Sie war jetzt schon fast eine Woche im Spital und hatte die Vortherapie hinter sich. Nun würde die Induktionstherapie folgen, eine sehr intensive Chemotherapie, die mit mehreren Medikamenten durchgeführt wurde und die darauf abzielte, die Mehrzahl der Leukämiezellen in kurzer Zeit zu vernichten. Diese Therapiephase würde fünf bis acht Wochen dauern. Das hörte sich in meinen Ohren nach einer unglaublich langen Zeit an. In fünf Wochen waren Sommerferien und ich hatte hoffentlich meine Matur im Sack. Obschon ich das noch bezweifelte. Ich konnte mich so gut wie gar nicht auf die Schule konzentrieren. Jacky half mir bei den Vorbereitungen für die Prüfungen, doch meistens endeten die Gespräche irgendwo weit weg von der Schule.

Es war der 31. Mai und der Tag, an dem ich mit Michael, Natascha und Vanessa ins Kino musste. Ich sass neben Jacky auf dem Bett und beklagte mich darüber. Sie nahm es nur grinsend zur Kenntnis.

„Das ist nicht witzig!", stöhnte ich.

„Doch eigentlich schon." Sie lachte und lehnte sich an mich. „Komm schon, tu nicht so bemitleidenswert! Ich habe kein Mitleid mit dir! Schliesslich bin ich diejenige, die bald als Glatzkopf durch die Spitalgänge spaziert."

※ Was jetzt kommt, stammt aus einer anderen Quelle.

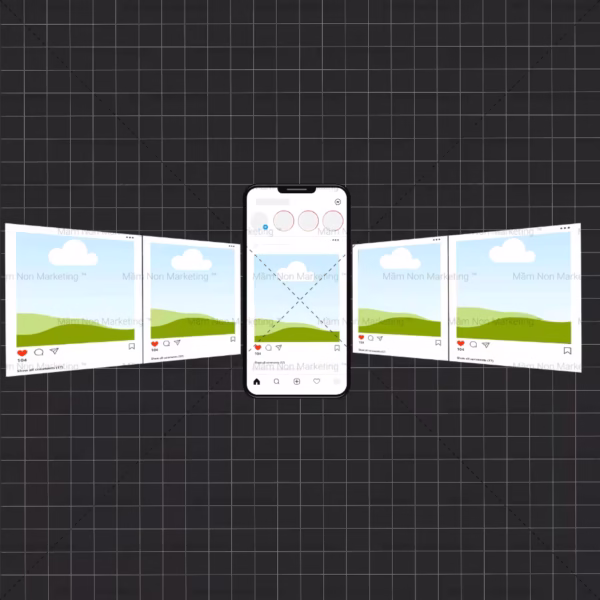 Frame Canva Dạng Bài Đăng Xoay Vòng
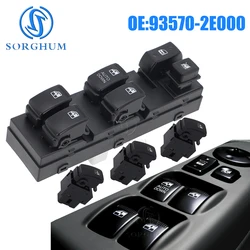 SORGHUM Electric Power Window Lifter Control Switch Button For Hyundai Tucson 2004 2005 2006 2007 2008 2009 2010 93570-2E000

Ich legte den Arm um sie. „Ich werde dir meine Mütze leihen: grau und mit einem fetten blauen Schriftzug Music. Steht dir bestimmt!", neckte ich sie.

„Hört sich verlockend an", entgegnete sie grinsend und schlug mir auf den Arm, als ich sie kitzeln wollte. So waren wir, ganz nach dem Motto, was sich liebt, das neckt sich.

„Mum will mir schon eine blöde Perücke machen lassen. Ne du, Haare waschen, die nicht auf meinem Kopf angewachsen sind, darauf kann ich echt verzichten. Dann lieber eine Mütze, die ich einfach in die Waschmaschine schmeissen kann."

Ich sah sie gespielt empört an. „So willst du also mit meiner heiligen Mütze umgehen."

Sie zuckte verschmitzt mit den Schultern. „Wenn du meine Perücke waschen willst, bitte! Ich mache das nicht!"

„Okay, okay, überzeugt! Du bekommst meine Music Mütze."

Wir alberten weiter, bis schliesslich jemand kam und mir sagte, dass die Besuchszeit um war. Ich verabschiedete mich von Jacky, die mich traurig in die Arme schloss.

„Viel Spass im Kino", sagte sie leise. Ich strich ihr über die Wange.

„Ich komme morgen wieder, mit Music Mütze, versprochen!", flüsterte ich ihr zu, bevor ich das Zimmer schweren Herzens verliess. Es war jedes Mal wie ein bisschen sterben, wenn ich sie dort zurücklassen musste, während sie mir traurig nachschaute.